Question

Fe2O3+2Al=Al2O3+2Fe
A welder has 1.873 × 10^2 g Fe2O3 and 94.51 g Al in his welding kit. Which reactant will he run out of first? (options: Fe2O3 or Al.......it's Fe2O3).
How much of this reactant should he order to make sure he runs out of both reactants at the same time?

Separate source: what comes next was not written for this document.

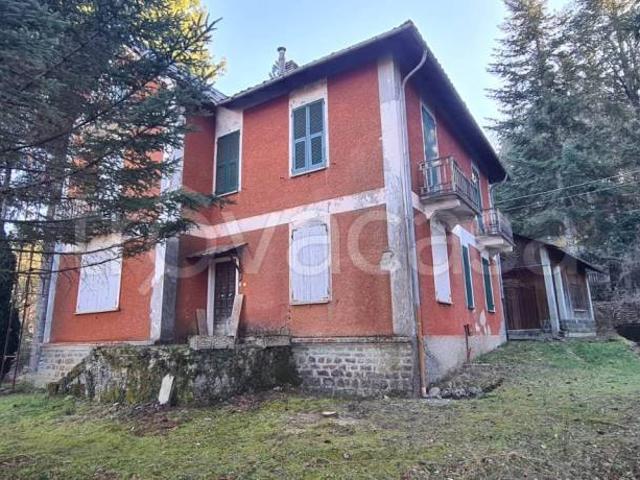 Vendesi villa singola a Rezzoaglio, Magnasco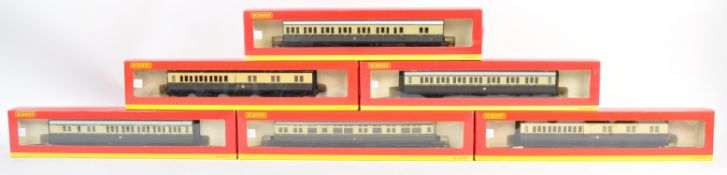 RAKE OF HORNBY 00 GAUGE GWR BOXED CARRIAGES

He should order ___g of the limiting reactant.

Answer 1

irst convert the number of grams of each to moles. \[\sf 1.873 ~x~ 10^2 \text{g}~ Fe_2O_3\cdot \frac{1~\text{mol}~Fe_2O_3}{159.7~\text{g}~Fe_2O_3} =~?~ mol~Fe_2O_3 ~(have) \]\[\sf 94.51~g~Al \cdot \frac{1 ~mol ~Al}{26.98~g ~Al}=~? ~mol~Al~(have)\]Then pick one of the two to do a mole to mole ratio. \[\sf ~?~mol~Al \cdot \frac{1~mol~Fe_2O_3}{2~mol~Al}=~?~\text{mol of}~~Fe_2O_2 ~is~needed~\]If the amount needed is bigger than the amount you have, then the element or compound you used to find the mole ratio is the LR. If the moles of \(\sf Fe_2O_3\) needed is less than what you have, then that element or compound is the excess.

Answer 2

Thank you soooo much!!!!